Human preferences on NeRF density fine-tune a 3D face GAN to produce geometries preferred in 74.4% of comparisons.

A machine-rendered reading of the paper's core claim, the machinery that carries it, and where it could break.

The paper shows that a reward model can be trained on human preferences for the density values inside a neural radiance field and then used to fine-tune a pretrained 3D-aware face GAN. The reward operates directly on the continuous density field with no mesh conversion or external shape data required.
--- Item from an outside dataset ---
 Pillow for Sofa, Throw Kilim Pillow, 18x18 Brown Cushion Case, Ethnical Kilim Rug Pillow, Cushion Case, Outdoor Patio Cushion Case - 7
A density-consistency constraint is applied during fine-tuning so that 2D appearance stays qualitatively similar while the 3D geometry changes. With preference samples from only one annotator the fine-tuned generator wins 74.4% of user pairwise comparisons on geometry, while FID rises from 4.09 to 6.66.

Core claim

Working on an unconditional 3D-aware face GAN, the authors learn a reward directly from the 3D density field of the NeRF and apply it during fine-tuning under a density-consistency constraint. This produces face geometries preferred by users in 74.4% of pairwise comparisons without text conditioning, mesh extraction, or multi-view rendering, at a bounded distributional cost.

What carries the argument

A reward model that reads the continuous 3D density field of the NeRF directly to supply a geometry-only learning signal, together with a density-consistency constraint that preserves 2D appearance during reshaping.

If this is right

  • Geometry can be reshaped directly inside the radiance field without converting to meshes or supplying external shape priors.
  • 2D appearance remains close enough that FID increases only from 4.09 to 6.66.
  • A small preference set collected from a single annotator is enough to train an effective reward model.
  • The same pipeline demonstrates RLHF applied to 3D-aware GANs without multi-view rendering or surface supervision.

Where Pith is reading between the lines

These are editorial extensions of the paper, not claims the author makes directly.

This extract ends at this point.